Work required -
Everything from the line containing "this 1024×683 image." down to the last line of the entries below must be transcribed exactly, and nothing else.

╔══

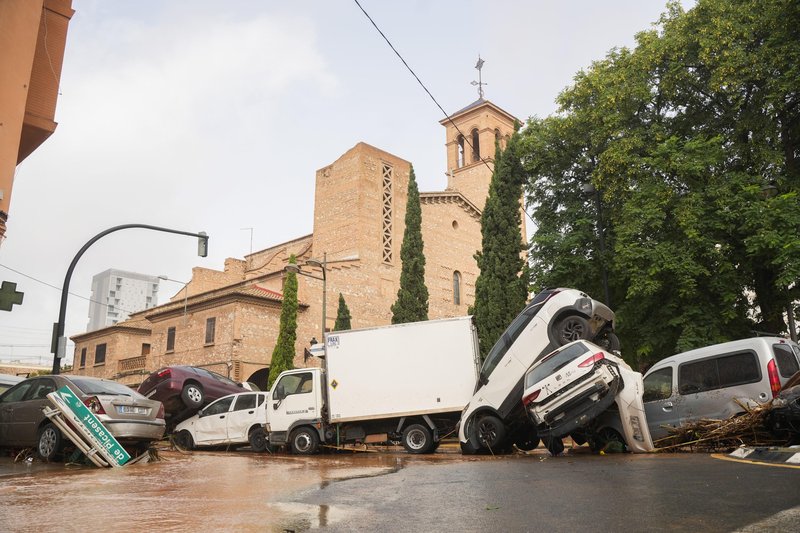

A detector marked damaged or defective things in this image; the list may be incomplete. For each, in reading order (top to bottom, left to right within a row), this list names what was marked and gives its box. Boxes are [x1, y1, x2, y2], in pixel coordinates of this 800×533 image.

overturned white car [520, 340, 652, 454]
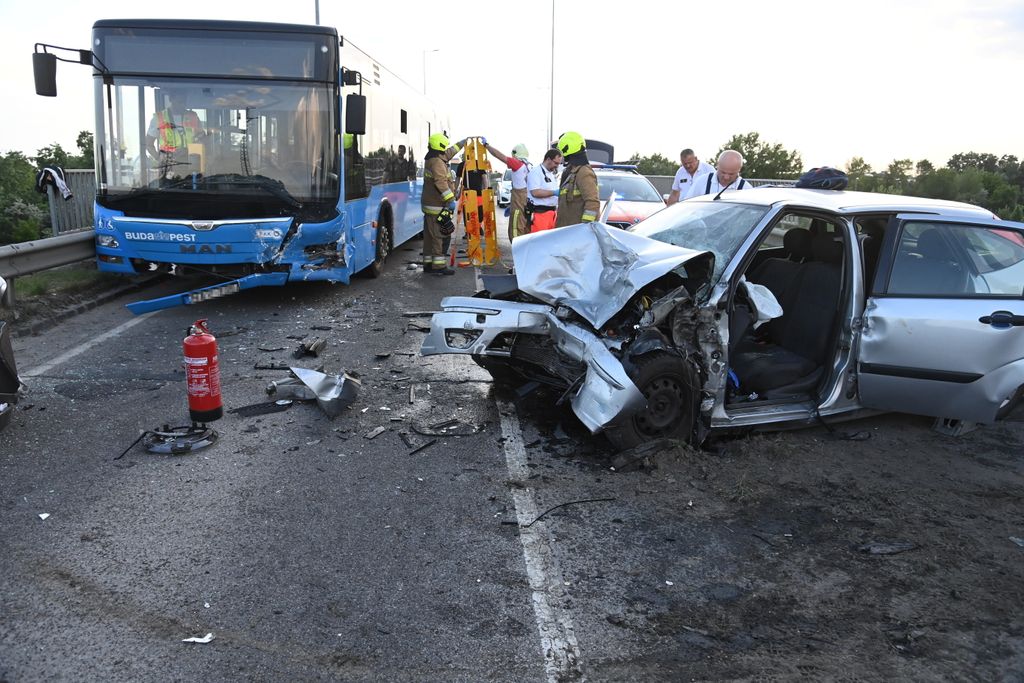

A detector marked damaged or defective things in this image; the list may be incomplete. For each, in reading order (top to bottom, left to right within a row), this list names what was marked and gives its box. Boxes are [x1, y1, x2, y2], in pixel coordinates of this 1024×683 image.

detached car bumper [419, 294, 643, 432]
crushed car hood [509, 222, 712, 327]
broken car windshield [630, 200, 770, 280]
damaged silver car [419, 188, 1019, 448]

╚══

Task response -
A detector marked damaged or defective things in this image; the list may be incomplete. For each, in reading order (top to bottom, left to right within a row), this list names what was marked and gives its box. Boxes are [x1, y1, x2, y2], in pixel coordinates of this 1024×683 image.

detached car bumper [419, 294, 643, 432]
crushed car hood [509, 222, 712, 327]
broken car windshield [630, 200, 770, 280]
damaged silver car [419, 188, 1019, 448]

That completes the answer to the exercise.